Although some Regular expression Denial of Service (ReDoS) vulnerabilities can be very serious (particularly when they’re server-side and enable an untrusted remote attacker to DoS the server), very often they land much closer to the ‘annoying’ end of the Common Vulnerability Scoring System (CVSS) rating scale — not particularly serious, easy to create by accident, obscure to understand, and sometimes tricky to fix.
The most annoying thing about ReDoS vulnerabilities is that they’re not caused by careless coding but by an obscure edge case in the regex engine. I place the blame squarely on the regex library and not the developer who used it.

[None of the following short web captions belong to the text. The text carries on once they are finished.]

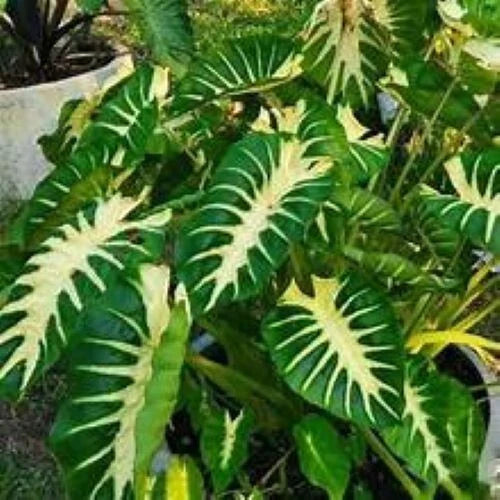 Maui Sunrise Colocasia esculenta - Small Rooted Starter Plant - Royal Hawaiian Elephant Ear
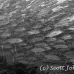 jack_bigeye_dar_h_0048_ecu0817_bw.jpg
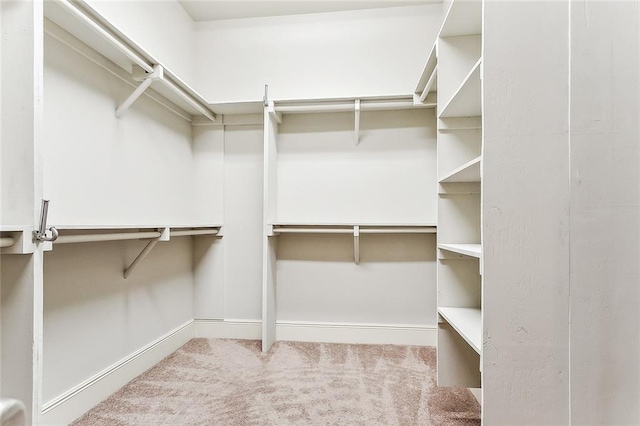 spacious closet with carpet flooring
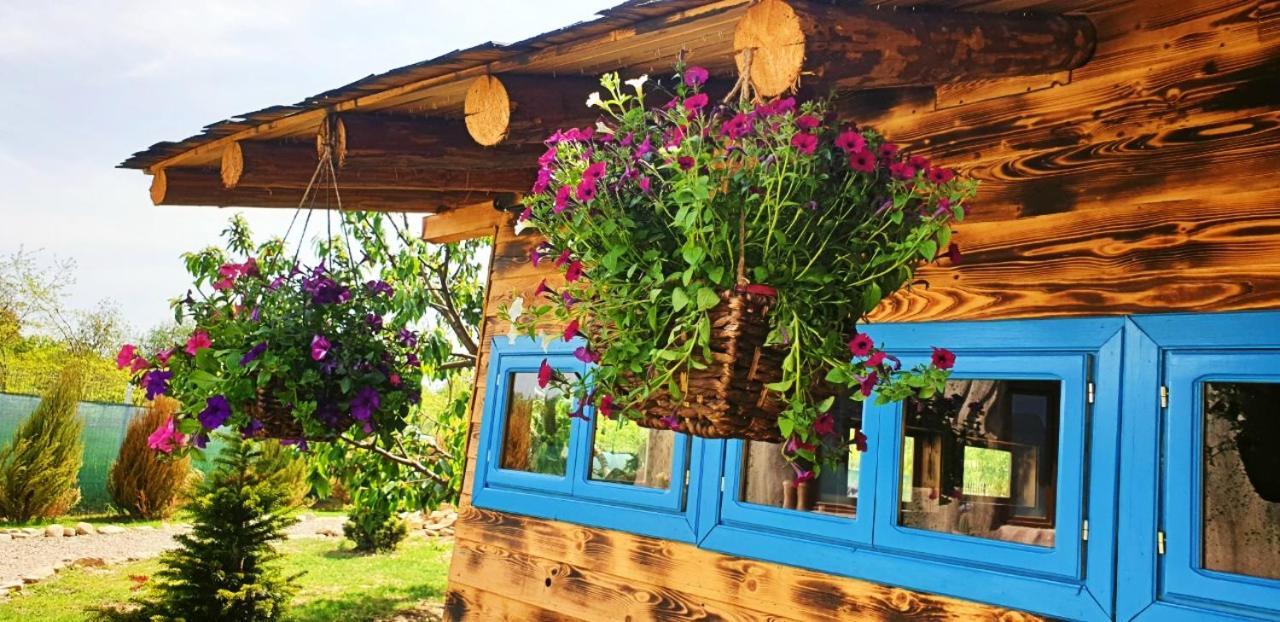 Valea Celor Doisprezece Resort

The good news is that ReDoS vulnerabilities are very easy to detect, thanks to some CodeQL queries that have been included in code scanning since 2017, and greatly improved by my colleague, Erik Kristensen, in 2021.

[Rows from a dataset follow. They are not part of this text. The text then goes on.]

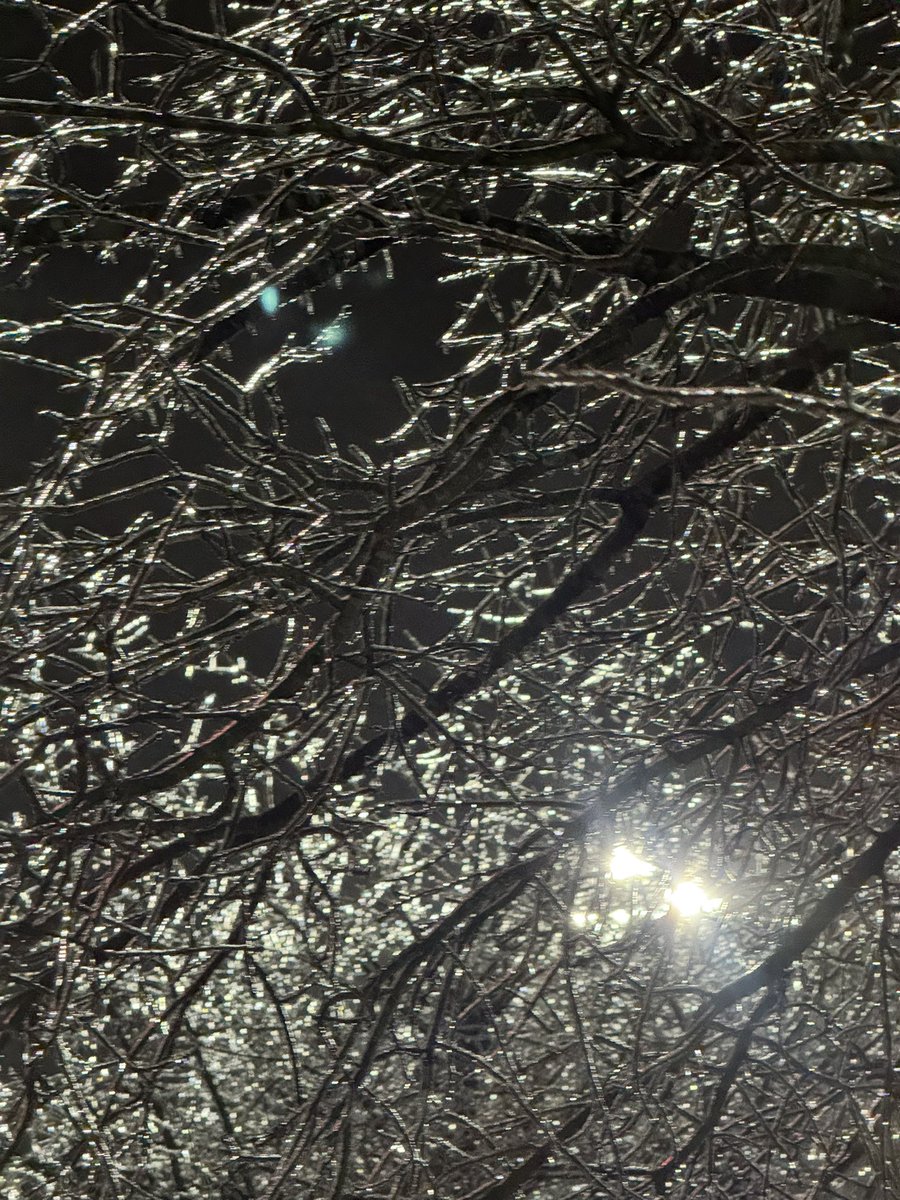 Ice has accumulated on tree branches in #NewBern, eastern #NC. A 1/4 inch of ice can cause branches to sag and fall, which could impact power lines.

We’re seeing an uptick in outages in #ENC due to the winter storm.

Report an outage + view outage map ➡️ duke-energy.com/outages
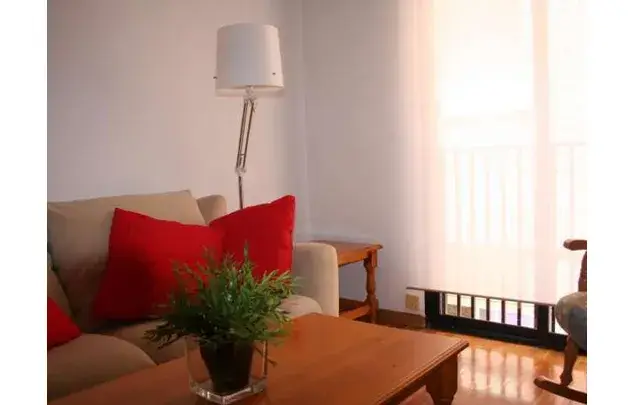 Alquiler Apartamento 2 Dormitorios Murcia Amueblado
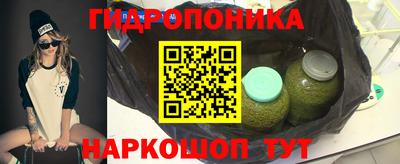 jwh Будённовск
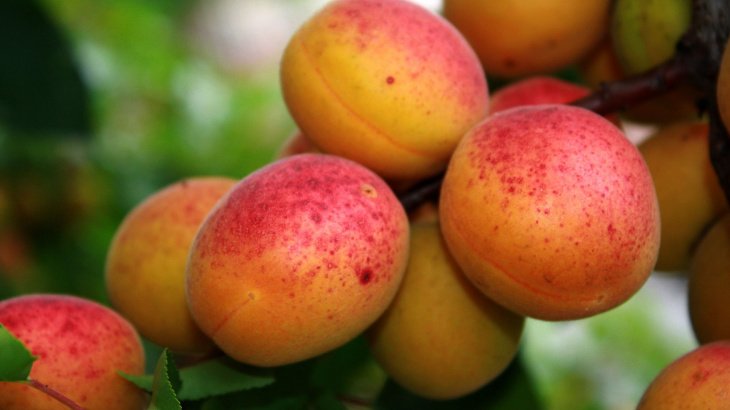 Минвнешторг прокомментировал информацию о снижении объемов экспорта узбекских абрикосов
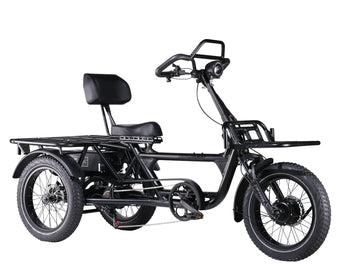 LLAMA Trike HT10 Dual Motor Fat Tire Electric Trike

Before the CodeQL ReDoS queries were released in 2021, we ran them on as many open source projects as we could and sent vulnerability reports to a large number of open source maintainers. It was a team effort, with the authors of the CodeQL queries (particularly Erik Kristensen, Rasmus Petersen, Nick Rolfe, Tony Torralba, and Joseph Farebrother) conducting the majority of the analysis, and the GitHub Security Lab (the team that I’m on) writing the reports and sending them to the maintainers of the affected projects.
I worked on approximately 20 of the reports myself. Unfortunately, several of the maintainers of projects I reported ReDoS vulnerabilities to never responded to my messages, which meant that I couldn’t close the issues out. Since the vulnerabilities were low severity, and I wasn’t able to contact the maintainers, I decided that the best solution would be to submit (public) pull requests to fix the issues. That strategy was much more successful, and figuring out how to fix those bugs is how I learned the techniques that I’ll describe in this blog post.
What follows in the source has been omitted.